◆ **Assigned task**: The answer is to be the lines below that lie between the line holding "Agenda Guía de" and the line holding "other assumptions unchanged)", inclusive, transcribed exactly and free of pictures.

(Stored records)
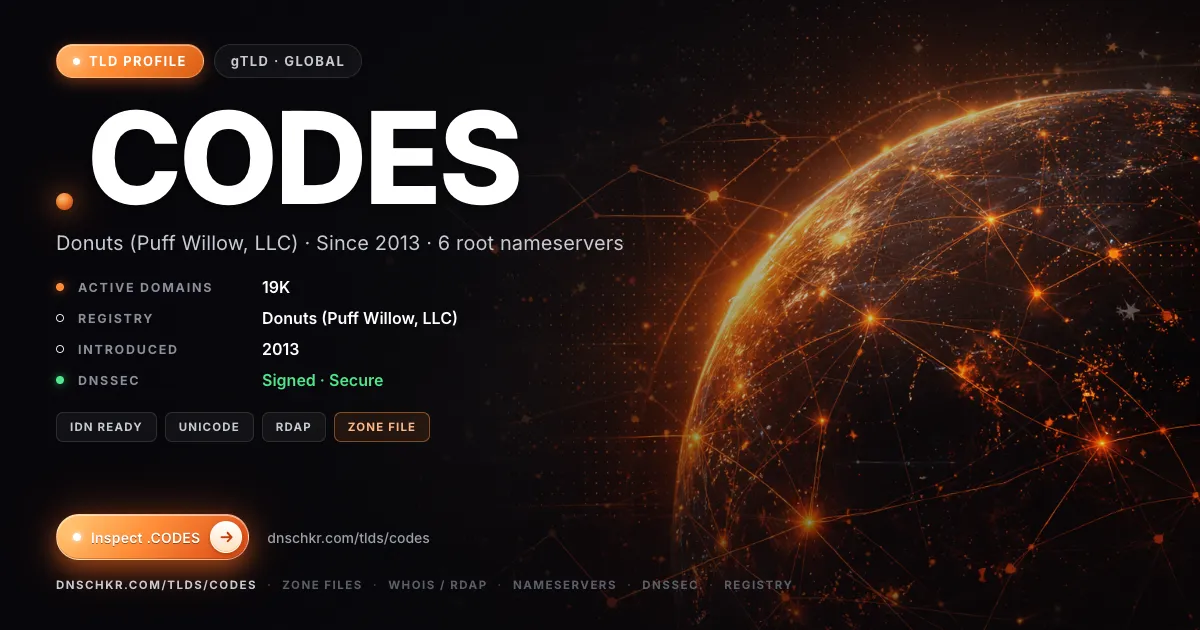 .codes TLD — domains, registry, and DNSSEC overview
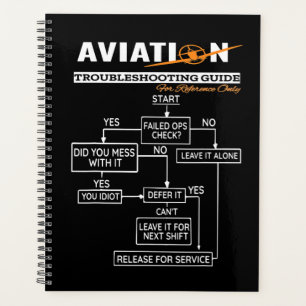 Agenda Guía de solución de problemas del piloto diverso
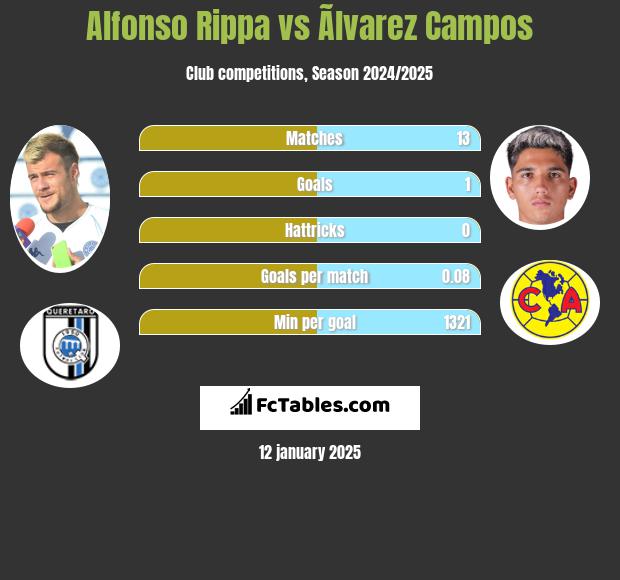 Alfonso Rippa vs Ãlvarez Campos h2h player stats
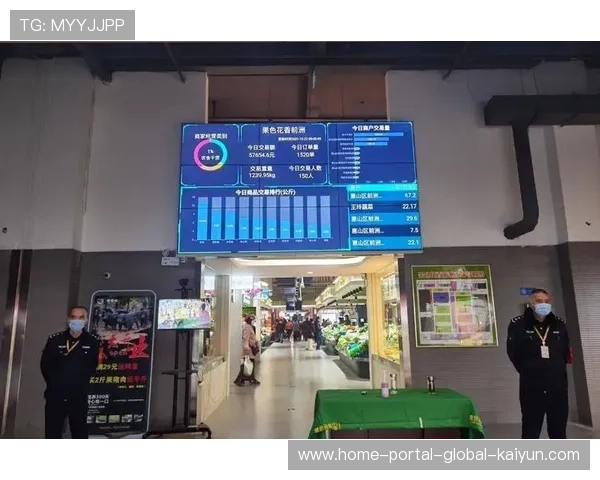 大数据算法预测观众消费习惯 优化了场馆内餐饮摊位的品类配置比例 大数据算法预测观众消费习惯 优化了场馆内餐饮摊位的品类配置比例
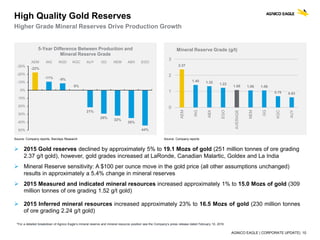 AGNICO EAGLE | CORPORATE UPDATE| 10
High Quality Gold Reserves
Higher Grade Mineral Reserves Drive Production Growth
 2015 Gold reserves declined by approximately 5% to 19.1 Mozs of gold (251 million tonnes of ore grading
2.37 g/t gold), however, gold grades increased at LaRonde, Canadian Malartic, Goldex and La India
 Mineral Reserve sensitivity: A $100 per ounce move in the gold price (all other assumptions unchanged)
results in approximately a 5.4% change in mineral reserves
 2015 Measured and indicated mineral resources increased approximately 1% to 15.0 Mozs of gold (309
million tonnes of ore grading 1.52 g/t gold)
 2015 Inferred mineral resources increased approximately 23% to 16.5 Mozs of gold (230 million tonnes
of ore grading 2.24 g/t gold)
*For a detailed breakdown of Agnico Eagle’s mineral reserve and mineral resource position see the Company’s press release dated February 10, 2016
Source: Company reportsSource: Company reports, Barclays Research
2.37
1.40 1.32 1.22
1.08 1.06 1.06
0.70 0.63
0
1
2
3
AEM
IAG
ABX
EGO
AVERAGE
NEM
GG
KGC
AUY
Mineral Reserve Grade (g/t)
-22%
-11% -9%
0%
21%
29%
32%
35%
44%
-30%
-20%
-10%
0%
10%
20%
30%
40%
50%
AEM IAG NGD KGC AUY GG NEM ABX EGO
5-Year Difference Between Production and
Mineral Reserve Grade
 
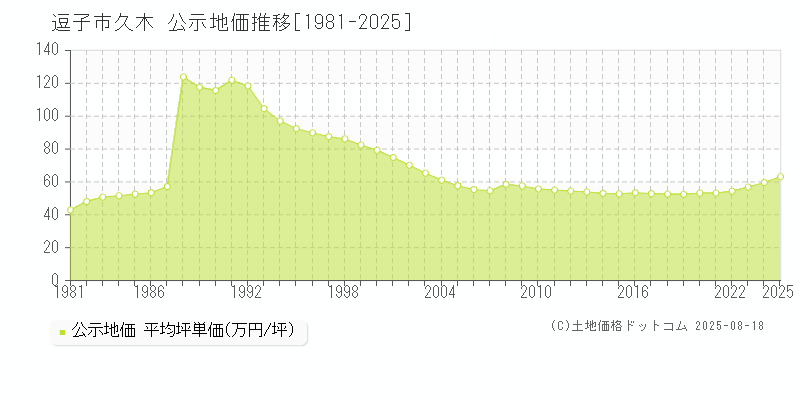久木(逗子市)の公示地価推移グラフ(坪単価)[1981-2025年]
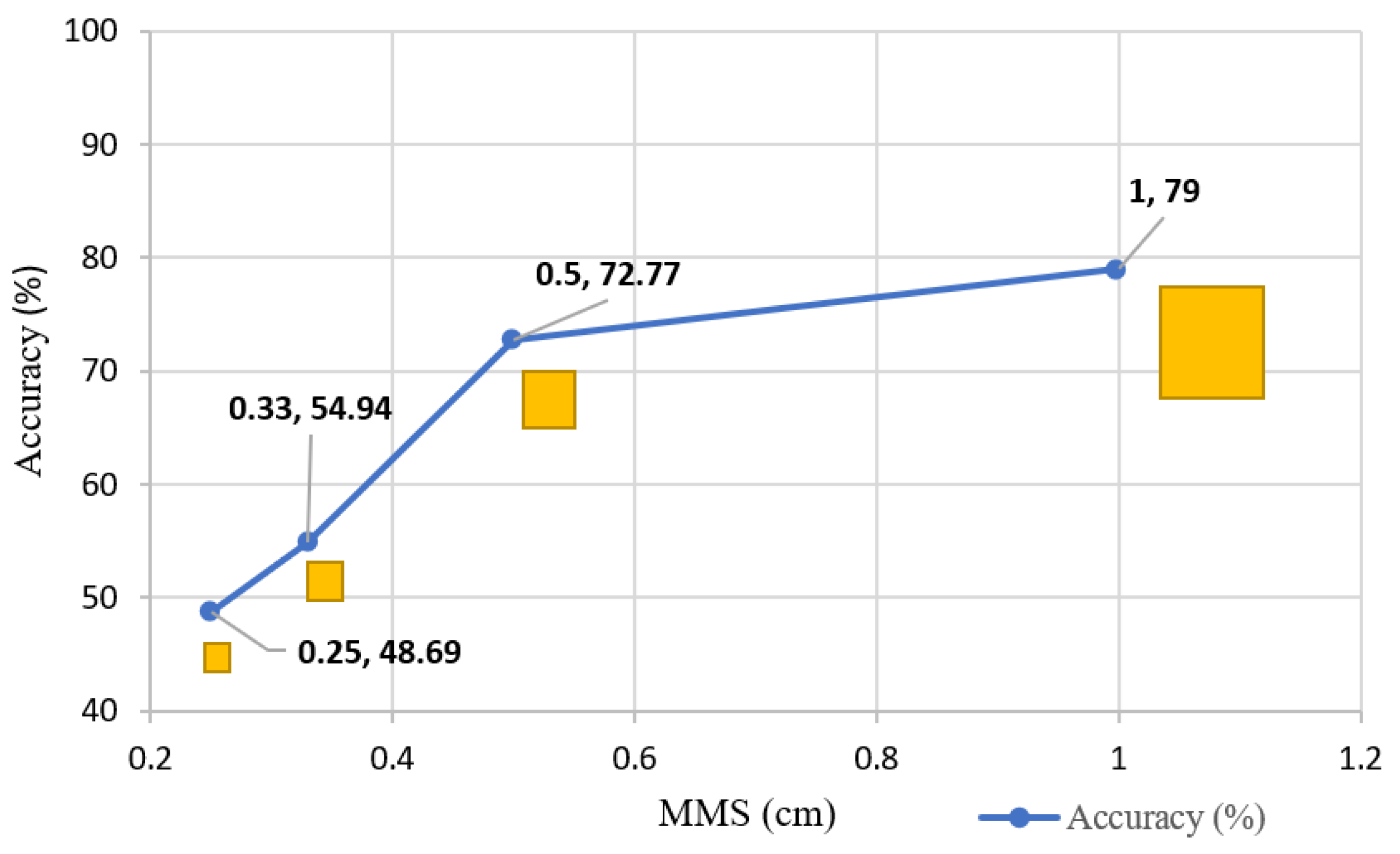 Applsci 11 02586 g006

◆ **Your response**:
 Agenda Guía de solución de problemas del piloto diverso
 Alfonso Rippa vs Ãlvarez Campos h2h player stats
 大数据算法预测观众消费习惯 优化了场馆内餐饮摊位的品类配置比例 大数据算法预测观众消费习惯 优化了场馆内餐饮摊位的品类配置比例
 AGNICO EAGLE | CORPORATE UPDATE| 10
High Quality Gold Reserves
Higher Grade Mineral Reserves Drive Production Growth
 2015 Gold reserves declined by approximately 5% to 19.1 Mozs of gold (251 million tonnes of ore grading
2.37 g/t gold), however, gold grades increased at LaRonde, Canadian Malartic, Goldex and La India
 Mineral Reserve sensitivity: A $100 per ounce move in the gold price (all other assumptions unchanged)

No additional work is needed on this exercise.